Si alguno ha causado aflicción, sepa que no me ha afligido sólo a mí, sino en
cierto modo -para no exagerar- a todos vosotros. Sea bastante para este tal el
castigo que le ha infligido la mayoría, tanto, que ahora debéis hacer lo
contrario, perdonarlo y darle ánimos, no sea que el excesivo pesar lo agobie.
Por esto os ruego que os determinéis a usar de caridad para con él. Y con este
mismo fin os escribí: para conocer y probar si sois obedientes en todo. A aquel
a quien vosotros perdonéis también perdono yo. Lo que yo he perdonado -si es
que realmente tuve algo que perdonar- lo he hecho por amor a vosotros en
presencia de Cristo.

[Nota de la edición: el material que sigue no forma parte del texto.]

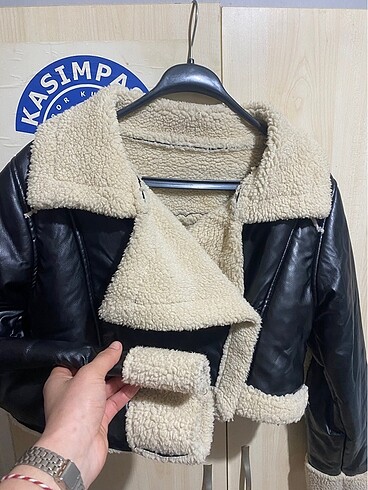 Crop ceket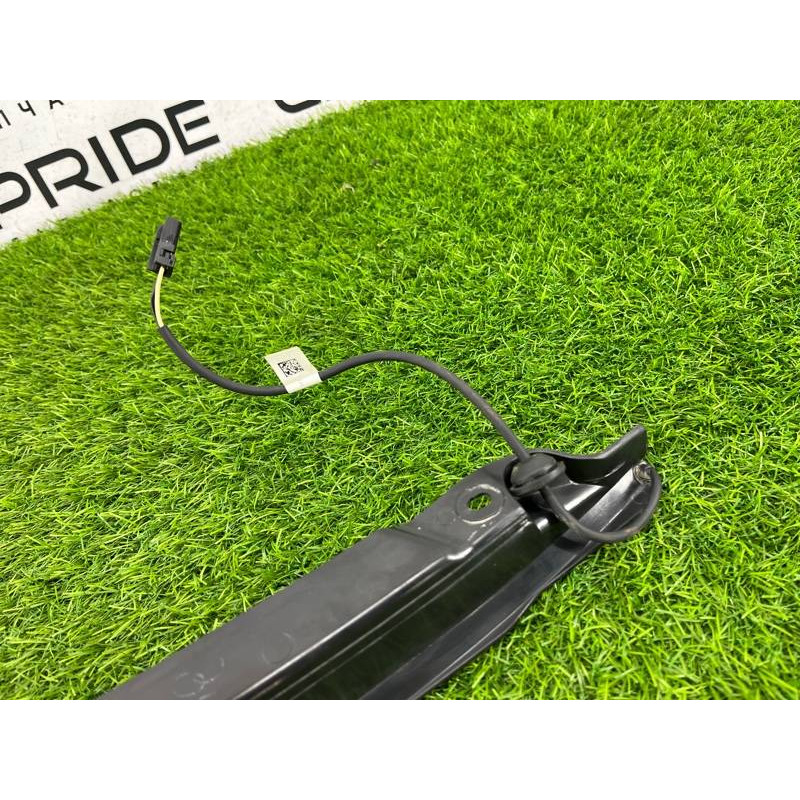 Датчик наклона крышки багажника (электрика / датчики) Jeep Grand Cherokee WK2 2018 3.6 68165049AC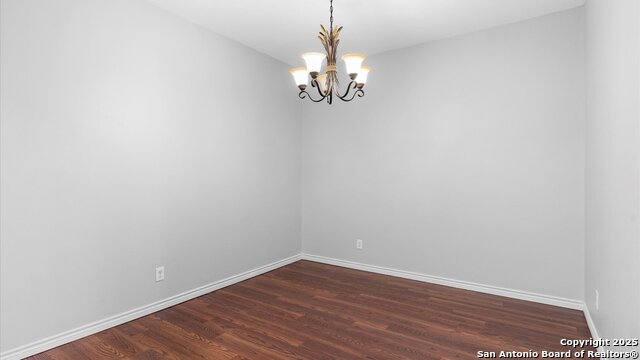 Listing photo id 6 for 2812 Berry Patch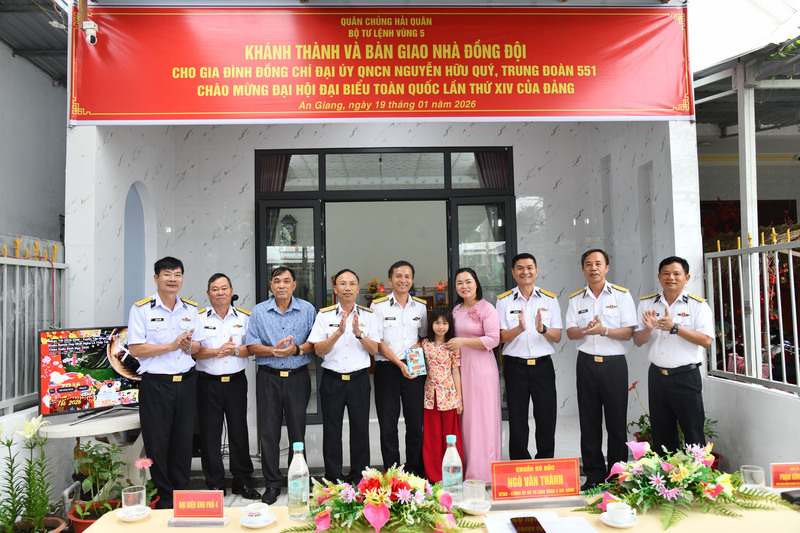 Thủ trưởng Bộ Tư lệnh Vùng 5 Hải quân tặng quà gia đình đồng chí Phạm Hữu Quý.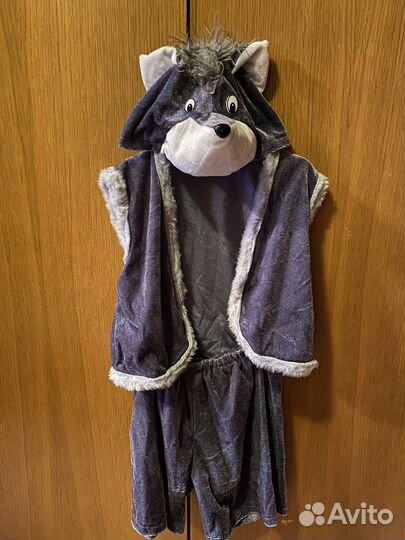 Новогодний костюм волка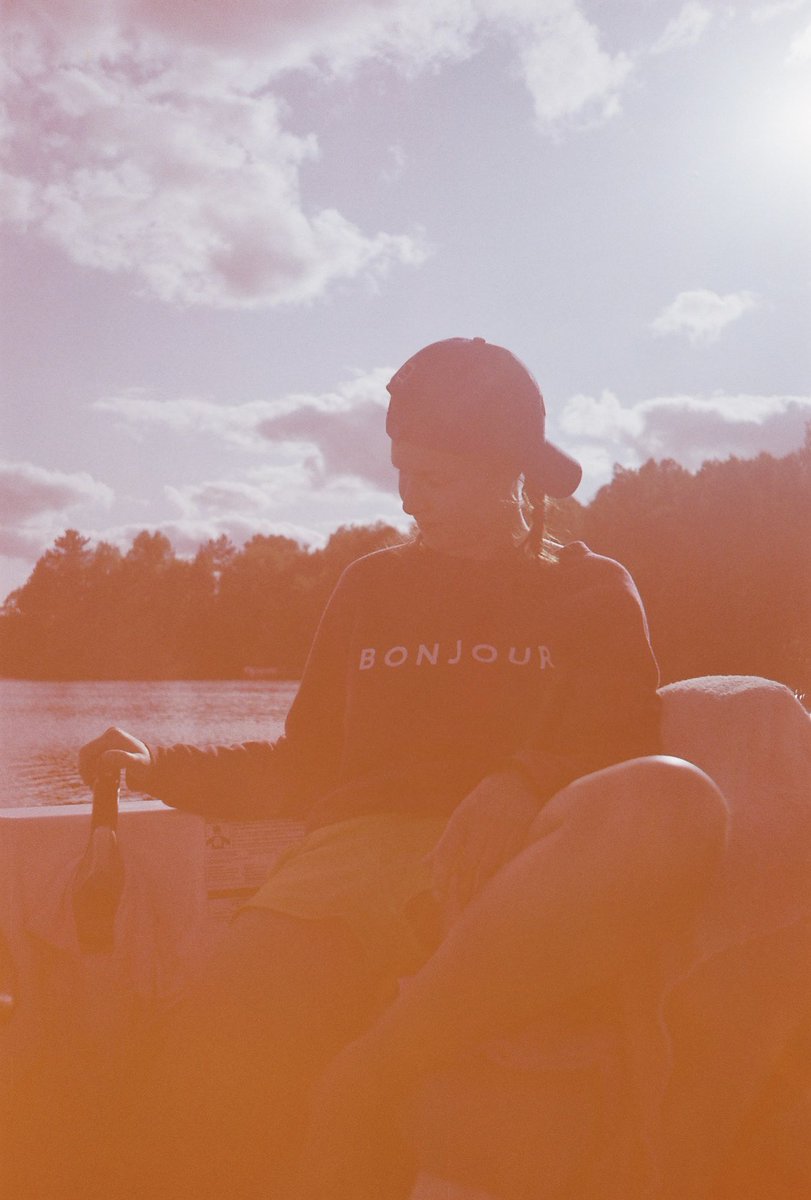 PhotographyPoff's tweet photo. #35mm from July at rose’s cabin 💗 https://t.co/kNdozXe1Ub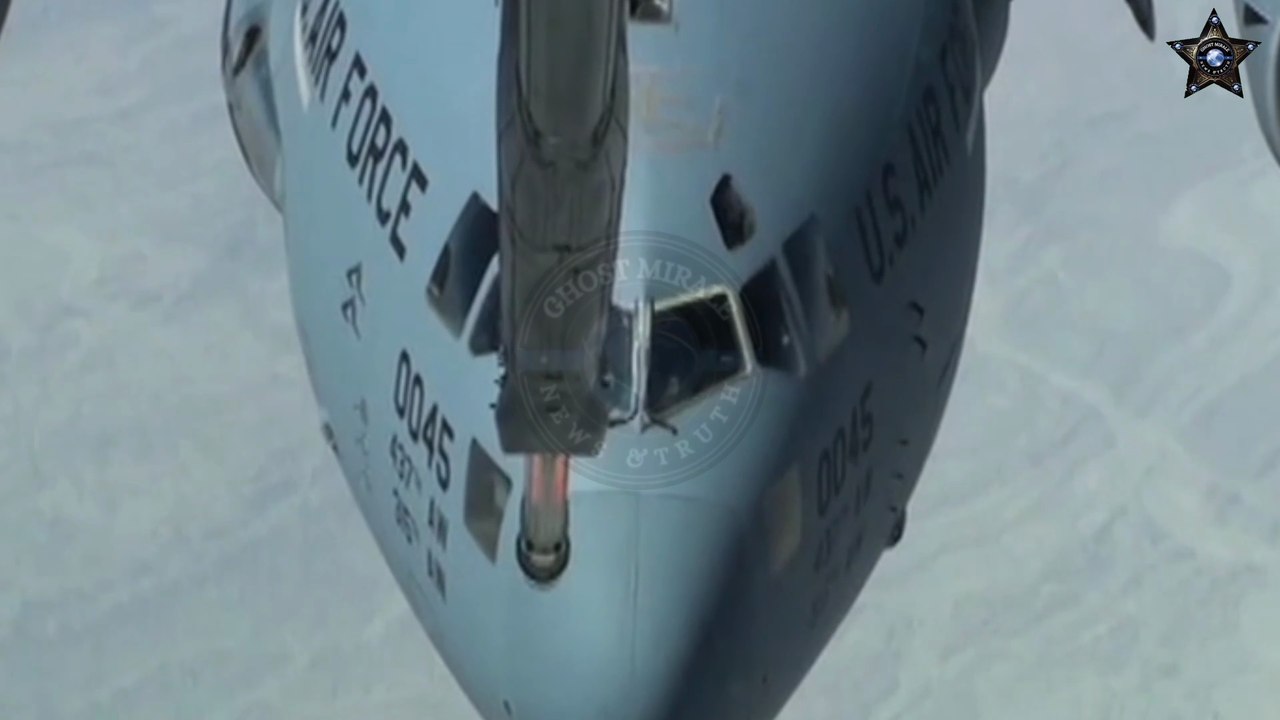 ✈️ C-17 Airlift in Action ⚔️ Tactical Formation & Real Combat Mission | U.S. Air Force Footage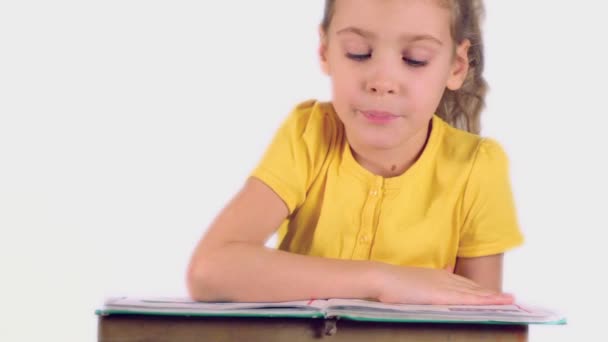 Menina lê livro — Vídeo de Stock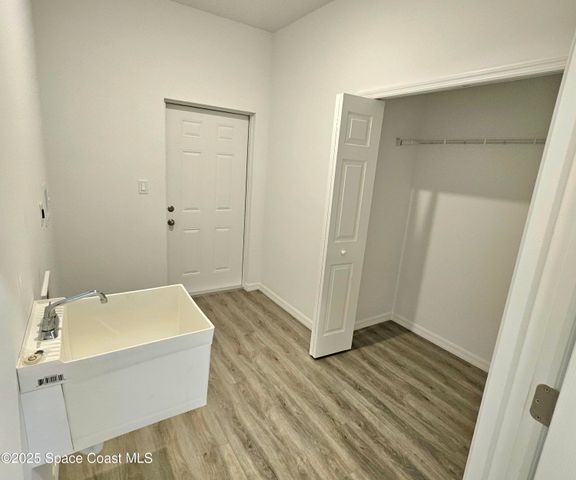 561 Harrisburg Street SW, Palm Bay, FL 32908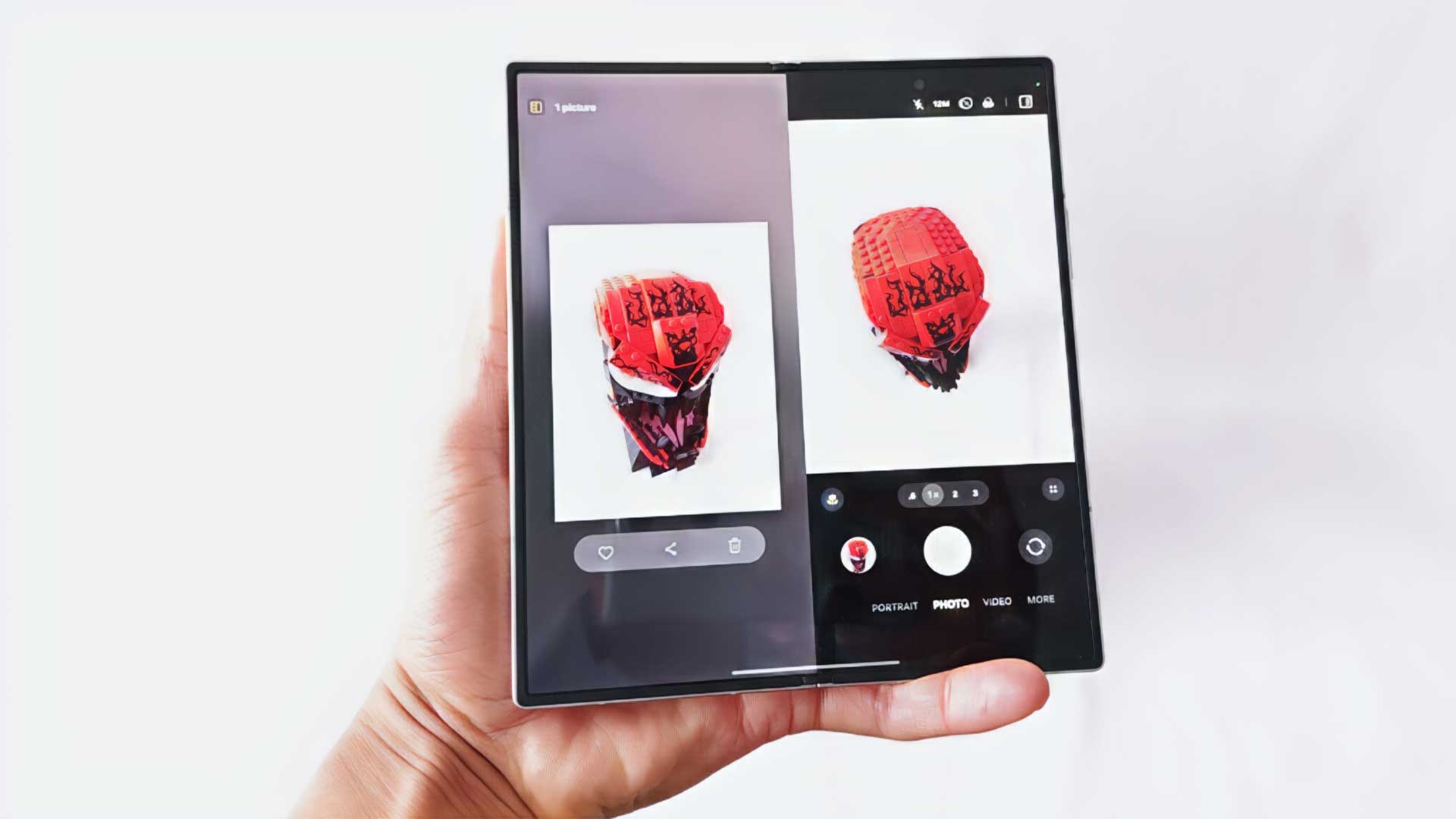 Samsung Galaxy Z Fold7 Camera and AI Features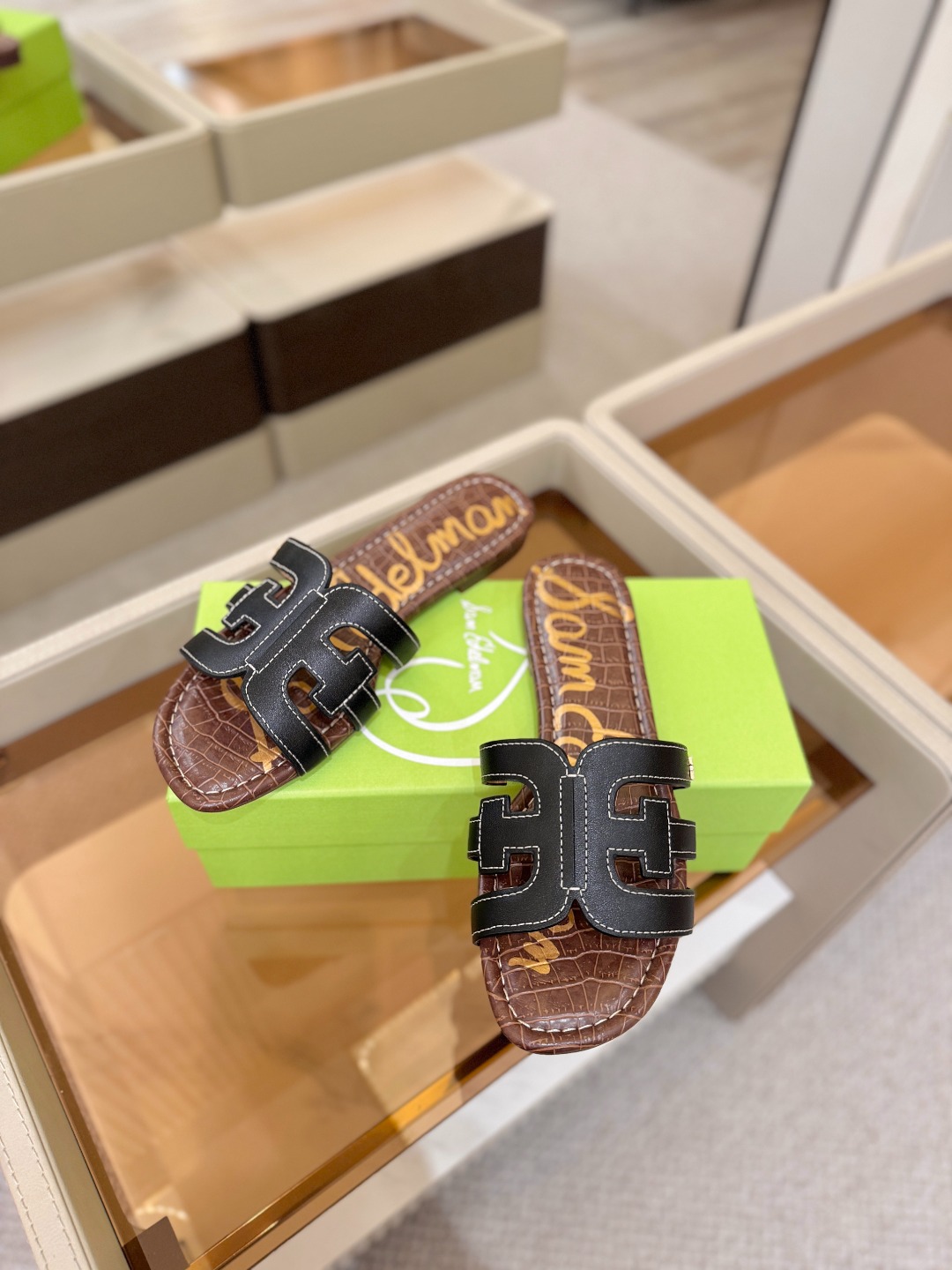 SAM EDELMAN(三姆爱德曼) 是来自纽约的轻奢设计师品牌 虞书欣代言同款🫰时尚休闲一字拖鞋 美式 SAM EDELMAN(三姆爱德曼) 是来自纽约的轻奢设计师品牌 虞书欣代言同款🫰时尚休闲一字拖鞋 美式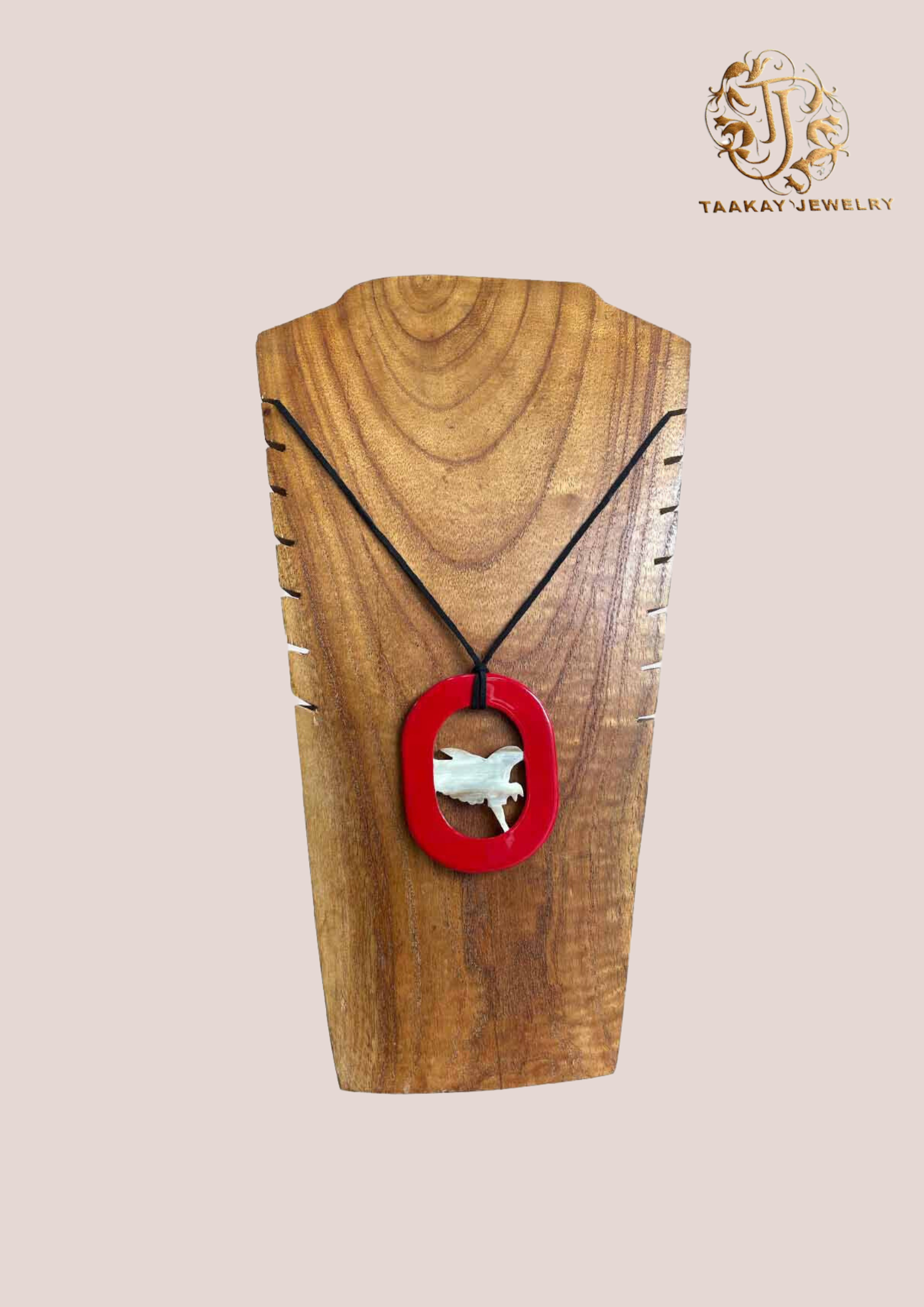 Collier en corne “Iris, la courageuse”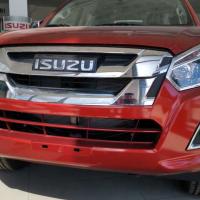 Isuzu D-Max 2018+ Far Çerçevesi Kaplama Nikelaj Sinyal Çizgili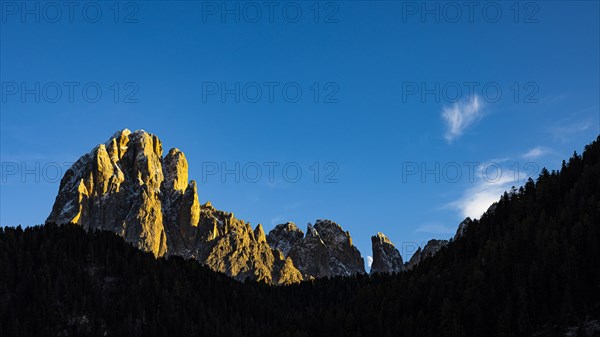 Snow-covered summit of the Sassolungo in the evening light, Val Gardena, Dolomites, South Tyrol, Italy, Europe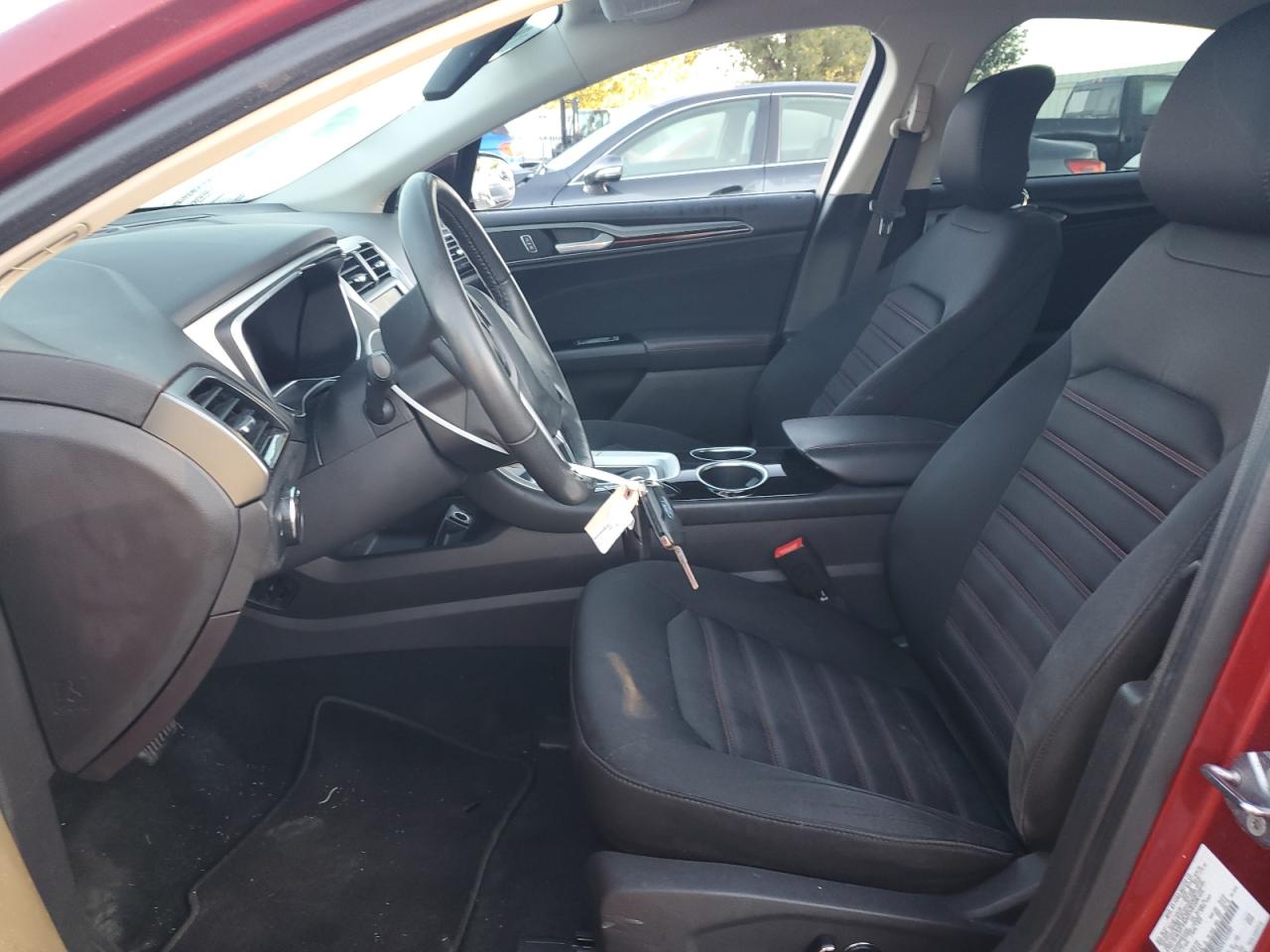 2013 Ford Fusion Se VIN: 3FA6P0HR0DR102080 Lot: 86212895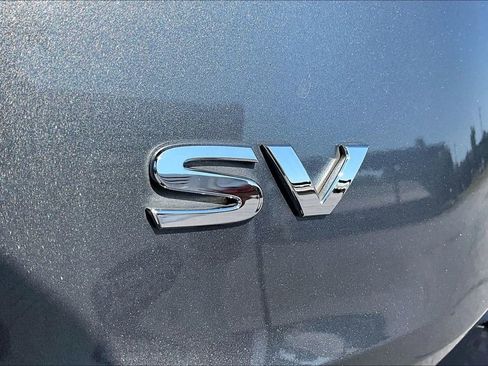 Used 2021 Nissan Rogue SV w/ Premium Package FWD image 23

Así no seremos víctimas de los ardides de Satanás, pues no
ignoramos sus propósitos.
RESPONSORIO 2Co 1, 21-22;
Dt 5, 2. 4
R. Dios es quien nos confirma en Cristo;
él nos ha ungido, él nos ha sellado, * y ha puesto en nuestros corazones, como
prenda suya, el Espíritu.
V. El Señor nuestro Dios ha hecho
alianza con nosotros, cara a cara nos ha hablado.
R. Y ha puesto en nuestros corazones,
como prenda suya, el Espíritu.
SEGUNDA LECTURA
De los libros de las
Morales de san Gregorio Magno, papa, sobre el libro de Job
(Libro 3, 39-40: PL 75, 619-620)
CONFLICTOS POR FUERA,
TEMORES POR DENTRO
Los santos varones, al hallarse involucrados en el combate de las tribulaciones,
teniendo que soportar al mismo tiempo a los que atacan y a los que intentan
seducirlos, se defienden de los primeros con el escudo de su paciencia, atacan
a los segundos arrojándoles los dardos de su doctrina, y se ejercitan en una y
otra clase de lucha con admirable fortaleza de espíritu, en cuanto que por
dentro oponen una sabia enseñanza a las doctrinas desviadas, y por fuera
desdeñan sin temor las cosas adversas; a unos corrigen con su doctrina, a otros
superan con su paciencia. Padeciendo, superan a los enemigos que se alzan
contra ellos; compadeciendo, retornan al camino de la salvación a los débiles;
a aquéllos les oponen resistencia, para que no arrastren a los demás; a éstos
les ofrecen su solicitud, para que no pierdan del todo el camino de la
rectitud.
Veamos cómo lucha contra unos y otros el soldado de la milicia de Dios. Dice
san Pablo: Conflictos por fuera, temores por dentro. Y enumera estas
dificultades exteriores diciendo: Con peligros en los ríos, peligros de
bandidos, peligros de parte de los de mi raza, peligros de parte de los
paganos, peligros en las ciudades, peligros en el desierto, peligros en el mar,
peligros de parte de falsos hermanos. Y añade cuáles son los dardos que asesta
contra el adversario, en semejante batalla: Con trabajos y fatigas, con muchas
noches sin dormir, con hambre y con sed, con ayunos frecuentes, con frío y sin
ropa.
Pero, en medio de tan fuertes batallas, nos dice también cuánta es la
vigilancia con que protege el campamento, ya que añade a continuación: Y,
además de muchas otras cosas, la responsabilidad que pesa sobre mí diariamente,
mi preocupación por todas las Iglesias. Además de la fuerte batalla que él ha
de sostener, se dedica compasivamente a la defensa del prójimo. Después de
explicarnos los males que ha de sufrir, añade los bienes que comunica a los
otros.
Pensemos lo gravoso que ha de ser tolerar las adversidades, por fuera, y
proteger a los débiles, por dentro, todo ello al mismo tiempo. Por fuera sufre
ataques, porque es azotado, atado con cadenas; por dentro sufre por el temor de
que sus padecimientos sean un obstáculo no para él, sino para sus discípulos.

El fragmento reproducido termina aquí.